1.4 Gesundheitsminister zum EU-Aktionsprogramm öffentliche Gesundheit

Der Entwurf des EU-Aktionsprogramms zur öffentlichen Gesundheit ist am 14. Dezember 2000 im Rat der Gesundheitsminister diskutiert worden. Gesundheitskommissar Byrne trat dort Befürchtungen entgegen, die Kommission wolle unter Verletzung des Subsidiaritätsprinzips über das Aktionsprogramm auf indirektem Weg in die Gesundheitssysteme der Mitgliedstaaten eingreifen. Dennoch äußerten mehrere Mitgliedsländer - insbesondere Großbritannien, Dänemark und Österreich - Vorbehalte hinsichtlich des Ziels der Kommission, über europäisch-vergleichende Datensammlungen im Gesundheitswesen hinaus auch Leitlinien und Empfehlungen im Sinne von "Best clinical practice" zu erarbeiten und den Mitgliedstaaten zur Verfügung zu stellen. Vom Vorschlag des Rates, eine nicht näher definierte "Gemeinschaftsstruktur" zur Umsetzung des Programms aufzubauen, kam man während der Diskussion ab. Es zeichnete sich im Rat vielmehr der Konsens ab, der Kommission bei der Organisation und Koordinierung des Aktionsprogramms einen gewissen Spielraum zu belassen, anstatt eine ganz neue "Struktur" aufzubauen. Der Rat hat vereinbart, seine Arbeiten zu diesem Thema auf seiner nächsten Tagung fortzusetzen, damit ein Einvernehmen erzielt werden kann.
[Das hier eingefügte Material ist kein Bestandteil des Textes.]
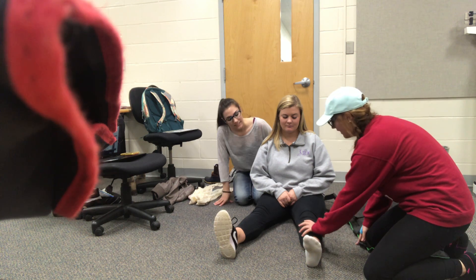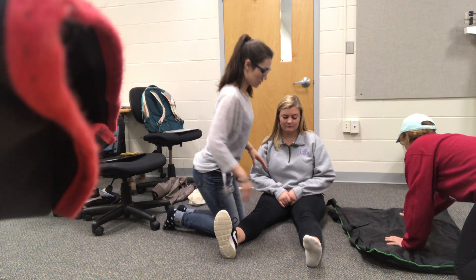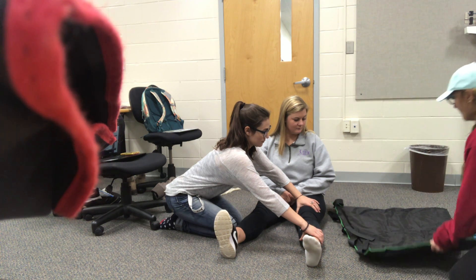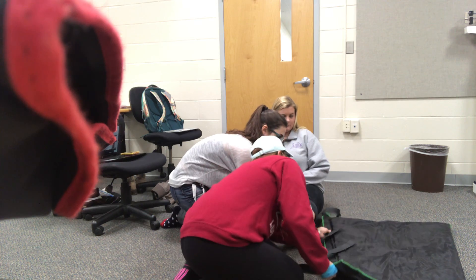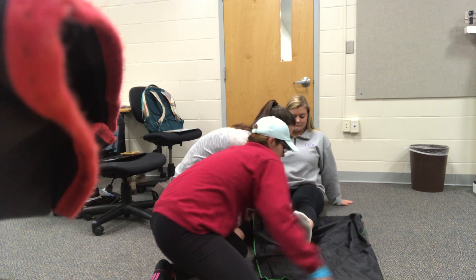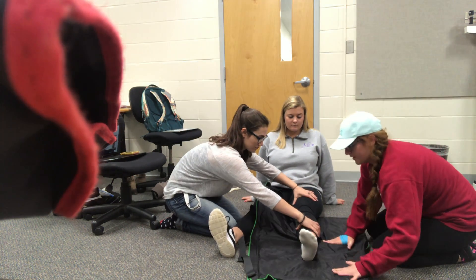And then Rachel, time to get you to stabilize below her knee and above her knee. Make sure the beads are equal. I'm going to get you to go under them, so I can look and go under them. You can lay it down, and then still apply support in here.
1.5 Vorschlag der EU-Kommission zur Einrichtung eines Europäischen Gesundheitsforums

Im Rahmen des Aktionsprogramms zur öffentlichen Gesundheit plant die EU-Kommission die Einrichtung eines Europäischen Gesundheitsforums. Patientenorganisationen, Anbieterverbände sowie Organisationen der Gesundheitsberufe und der Leistungserbringer sollen hier die Gelegenheit haben, Beiträge zur Gesundheitspolitik und zur Festlegung von gesundheitspolitischen Prioritäten in der EU zu leisten. Ende Januar hat die Kommission eine Konsultation zu den Einzelheiten der Arbeitsweise, Organisation und Zusammensetzung des Forums veröffentlicht. Geplant ist nun, drei neue Foren einzurichten:

  • Im "Health Policy Forum" sollen im jährlichen Abstand eingeladene, europaweit repräsentative Organisationen des Gesundheitswesens spezifische gesundheitspolitische Fragestellungen besprechen. Dabei soll es nicht nur um den Austausch von Informationen und Meinungen, sondern auch um die Abstimmung von Positionen und ggf. die Erarbeitung von Konsenspapieren zu spezifischen Fragen der europäischen Gesundheitspolitik gehen.
  • Darüber hinaus soll ebenfalls im jährlichen Abstand ein "Open Health Forum" durchgeführt werden. Dieses soll dem generellen Informationsaustausch über aktuelle Fragen europäischer Gesundheitspolitik dienen. Es ist als größere Veranstaltung geplant; hier ist die Beteiligung nationaler Verbände vorgesehen.
  • Schließlich will die Kommission ein "Virtual Health Forum" einrichten. Über einen Internet-Server sollen auf damit Seiten zur Dokumentation und zum Informationsaustausch bzgl. Fragen der europäischen Gesundheitspolitik eingerichtet werden, die von interessierten Akteuren genutzt werden können.
1.6 Schlussfolgerungen des EU-Gesundheitsministerrates zu BSE

Am 14. Dezember 2000 debattierte der Rat der EU-Gesundheitsminister ausführlich über BSE und die Creutzfeldt-Jakob-Krankheit. Nach einem Bericht von EU-Gesundheitskommissar Byrne hat der Rat mehrere Schlussfolgerungen zu dieser Thematik angenommen. Er will, dass die Kommission die von ihr geleistete Überwachung der Epidemie um mehrere Aspekte erweitert und so bald wie möglich darüber berichtet. So soll z.B. die wissenschaftliche Forschung über den Ursprung und die mögliche Übertragung des BSE-Erregers intensiviert und Methoden zu dessen Inaktivierung entwickelt werden. Im Rahmen des gemeinschaftsweiten Netzwerks zur epidemiologischen Überwachung und Kontrolle übertragbarer Krankheiten wird laut EU-Gesundheitskommissar Byrne ein spezifische Netzwerk zur Creutzfeldt-Jakob-Erkrankung eingerichtet. Es soll damit Anfang 2001 so schnell wie möglich begonnen werden. Ein Bericht dazu wird auch die Bereiche Pharmazeutika, Kosmetika, Blut und Nahrungsmittel umfassen.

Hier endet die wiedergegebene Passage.